Home

Gerechtshof Arnhem, 03-09-2003, AL4239, 03-00303

Gerechtshof Arnhem, 03-09-2003, AL4239, 03-00303

Gegevens

Instantie
Gerechtshof Arnhem
Datum uitspraak
3 september 2003
Datum publicatie
1 oktober 2003
ECLI
ECLI:NL:GHARN:2003:AL4239
Zaaknummer
03-00303
Relevante informatie
Wet inkomstenbelasting 2001 [Tekst geldig vanaf 01-07-2023 tot 01-01-2024] art. 6.16, Wet inkomstenbelasting 2001 [Tekst geldig vanaf 01-07-2023 tot 01-01-2024] art. 6.32

Inhoudsindicatie

Belanghebbende heeft in zijn aangifte als buitengewone uitgave onder andere een bedrag van ƒ 3.700 opgevoerd ter zake van een reis naar Bosnië in verband met het overlijden van 'vader' (..).
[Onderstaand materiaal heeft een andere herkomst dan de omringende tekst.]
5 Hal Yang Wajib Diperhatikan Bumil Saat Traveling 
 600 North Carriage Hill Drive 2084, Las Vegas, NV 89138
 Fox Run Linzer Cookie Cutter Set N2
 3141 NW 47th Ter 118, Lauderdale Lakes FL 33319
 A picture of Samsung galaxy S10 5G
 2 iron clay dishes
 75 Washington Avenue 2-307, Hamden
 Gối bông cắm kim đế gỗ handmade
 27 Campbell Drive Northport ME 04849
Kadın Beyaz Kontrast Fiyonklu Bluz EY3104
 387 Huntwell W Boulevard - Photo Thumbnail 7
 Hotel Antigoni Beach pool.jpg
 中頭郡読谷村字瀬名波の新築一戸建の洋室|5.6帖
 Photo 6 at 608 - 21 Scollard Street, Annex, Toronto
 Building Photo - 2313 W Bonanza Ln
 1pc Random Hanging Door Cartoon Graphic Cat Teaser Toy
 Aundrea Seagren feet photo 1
Voorts heeft belanghebbende als aftrekbare gift opgevoerd een bedrag van ƒ 483 in verband met een schenking aan een familielid in Bosnië ten bedrage van ƒ 1.175.

In geschil is of de Inspecteur deze uitgaven terecht niet in aanmerking heeft genomen.

Uitspraak

Gerechtshof Arnhem

elfde enkelvoudige belastingkamer

nummer 03/00303 (inkomstenbelasting)

Proces-verbaal mondelinge uitspraak

belanghebbende : [X]

te : [Z]

verweerder : de Inspecteur van de Belastingdienst/[P]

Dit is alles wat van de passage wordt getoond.